Data section:
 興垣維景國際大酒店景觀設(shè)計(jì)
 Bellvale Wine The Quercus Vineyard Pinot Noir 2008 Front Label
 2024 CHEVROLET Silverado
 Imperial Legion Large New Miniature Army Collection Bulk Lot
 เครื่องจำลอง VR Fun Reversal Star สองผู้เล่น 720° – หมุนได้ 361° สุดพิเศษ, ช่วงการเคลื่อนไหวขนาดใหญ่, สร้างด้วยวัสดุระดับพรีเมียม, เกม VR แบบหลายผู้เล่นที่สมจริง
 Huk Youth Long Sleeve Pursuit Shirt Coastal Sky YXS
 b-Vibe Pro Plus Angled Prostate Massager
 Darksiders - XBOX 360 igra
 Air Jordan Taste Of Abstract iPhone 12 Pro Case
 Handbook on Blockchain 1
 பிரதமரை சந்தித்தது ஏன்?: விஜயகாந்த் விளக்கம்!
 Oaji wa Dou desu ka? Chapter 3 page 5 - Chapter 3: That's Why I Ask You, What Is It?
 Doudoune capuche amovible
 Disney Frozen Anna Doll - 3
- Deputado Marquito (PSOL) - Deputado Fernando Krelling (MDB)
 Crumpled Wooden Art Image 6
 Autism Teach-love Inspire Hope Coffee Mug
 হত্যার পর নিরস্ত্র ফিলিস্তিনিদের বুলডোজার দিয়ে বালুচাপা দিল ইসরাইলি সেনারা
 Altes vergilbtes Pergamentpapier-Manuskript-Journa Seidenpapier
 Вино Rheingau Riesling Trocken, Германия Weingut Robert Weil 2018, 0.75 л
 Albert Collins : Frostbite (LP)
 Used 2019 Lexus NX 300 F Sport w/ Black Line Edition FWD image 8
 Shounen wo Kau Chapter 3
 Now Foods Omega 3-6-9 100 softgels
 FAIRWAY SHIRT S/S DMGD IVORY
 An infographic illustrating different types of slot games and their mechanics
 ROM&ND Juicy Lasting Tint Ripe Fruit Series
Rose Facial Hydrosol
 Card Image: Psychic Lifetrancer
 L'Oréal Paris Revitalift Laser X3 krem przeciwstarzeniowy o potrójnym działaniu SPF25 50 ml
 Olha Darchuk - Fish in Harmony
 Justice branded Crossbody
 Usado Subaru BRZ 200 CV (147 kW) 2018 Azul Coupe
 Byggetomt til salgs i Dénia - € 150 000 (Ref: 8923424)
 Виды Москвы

Work item:
Retype the records above exactly, so that no line differs from its source.

Exercise solution:
 興垣維景國際大酒店景觀設(shè)計(jì)
 Bellvale Wine The Quercus Vineyard Pinot Noir 2008 Front Label
 2024 CHEVROLET Silverado
 Imperial Legion Large New Miniature Army Collection Bulk Lot
 เครื่องจำลอง VR Fun Reversal Star สองผู้เล่น 720° – หมุนได้ 361° สุดพิเศษ, ช่วงการเคลื่อนไหวขนาดใหญ่, สร้างด้วยวัสดุระดับพรีเมียม, เกม VR แบบหลายผู้เล่นที่สมจริง
 Huk Youth Long Sleeve Pursuit Shirt Coastal Sky YXS
 b-Vibe Pro Plus Angled Prostate Massager
 Darksiders - XBOX 360 igra
 Air Jordan Taste Of Abstract iPhone 12 Pro Case
 Handbook on Blockchain 1
 பிரதமரை சந்தித்தது ஏன்?: விஜயகாந்த் விளக்கம்!
 Oaji wa Dou desu ka? Chapter 3 page 5 - Chapter 3: That's Why I Ask You, What Is It?
 Doudoune capuche amovible
 Disney Frozen Anna Doll - 3
- Deputado Marquito (PSOL) - Deputado Fernando Krelling (MDB)
 Crumpled Wooden Art Image 6
 Autism Teach-love Inspire Hope Coffee Mug
 হত্যার পর নিরস্ত্র ফিলিস্তিনিদের বুলডোজার দিয়ে বালুচাপা দিল ইসরাইলি সেনারা
 Altes vergilbtes Pergamentpapier-Manuskript-Journa Seidenpapier
 Вино Rheingau Riesling Trocken, Германия Weingut Robert Weil 2018, 0.75 л
 Albert Collins : Frostbite (LP)
 Used 2019 Lexus NX 300 F Sport w/ Black Line Edition FWD image 8
 Shounen wo Kau Chapter 3
 Now Foods Omega 3-6-9 100 softgels
 FAIRWAY SHIRT S/S DMGD IVORY
 An infographic illustrating different types of slot games and their mechanics
 ROM&ND Juicy Lasting Tint Ripe Fruit Series
Rose Facial Hydrosol
 Card Image: Psychic Lifetrancer
 L'Oréal Paris Revitalift Laser X3 krem przeciwstarzeniowy o potrójnym działaniu SPF25 50 ml
 Olha Darchuk - Fish in Harmony
 Justice branded Crossbody
 Usado Subaru BRZ 200 CV (147 kW) 2018 Azul Coupe
 Byggetomt til salgs i Dénia - € 150 000 (Ref: 8923424)
 Виды Москвы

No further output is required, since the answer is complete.